**Records supplied:**
****************************************

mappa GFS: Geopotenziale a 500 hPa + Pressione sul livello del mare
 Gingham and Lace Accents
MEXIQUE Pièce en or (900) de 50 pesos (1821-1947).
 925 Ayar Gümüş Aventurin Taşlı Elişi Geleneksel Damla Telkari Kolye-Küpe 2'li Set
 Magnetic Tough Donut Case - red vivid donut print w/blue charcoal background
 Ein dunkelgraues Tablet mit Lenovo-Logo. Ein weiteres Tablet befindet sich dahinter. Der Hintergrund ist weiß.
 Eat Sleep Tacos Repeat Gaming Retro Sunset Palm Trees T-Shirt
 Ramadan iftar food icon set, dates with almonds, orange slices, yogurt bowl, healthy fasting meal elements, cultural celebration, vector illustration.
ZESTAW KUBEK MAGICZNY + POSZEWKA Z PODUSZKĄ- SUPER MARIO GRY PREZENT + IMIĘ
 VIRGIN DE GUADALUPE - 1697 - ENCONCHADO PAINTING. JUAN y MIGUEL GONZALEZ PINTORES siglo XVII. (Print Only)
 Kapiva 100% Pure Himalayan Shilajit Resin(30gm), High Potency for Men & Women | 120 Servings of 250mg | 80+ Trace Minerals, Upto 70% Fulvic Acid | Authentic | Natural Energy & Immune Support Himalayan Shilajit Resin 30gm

****************************************

**Problem description:** All of the listing above should be restated word for word.

**Problem solution:**
mappa GFS: Geopotenziale a 500 hPa + Pressione sul livello del mare
 Gingham and Lace Accents
MEXIQUE Pièce en or (900) de 50 pesos (1821-1947).
 925 Ayar Gümüş Aventurin Taşlı Elişi Geleneksel Damla Telkari Kolye-Küpe 2'li Set
 Magnetic Tough Donut Case - red vivid donut print w/blue charcoal background
 Ein dunkelgraues Tablet mit Lenovo-Logo. Ein weiteres Tablet befindet sich dahinter. Der Hintergrund ist weiß.
 Eat Sleep Tacos Repeat Gaming Retro Sunset Palm Trees T-Shirt
 Ramadan iftar food icon set, dates with almonds, orange slices, yogurt bowl, healthy fasting meal elements, cultural celebration, vector illustration.
ZESTAW KUBEK MAGICZNY + POSZEWKA Z PODUSZKĄ- SUPER MARIO GRY PREZENT + IMIĘ
 VIRGIN DE GUADALUPE - 1697 - ENCONCHADO PAINTING. JUAN y MIGUEL GONZALEZ PINTORES siglo XVII. (Print Only)
 Kapiva 100% Pure Himalayan Shilajit Resin(30gm), High Potency for Men & Women | 120 Servings of 250mg | 80+ Trace Minerals, Upto 70% Fulvic Acid | Authentic | Natural Energy & Immune Support Himalayan Shilajit Resin 30gm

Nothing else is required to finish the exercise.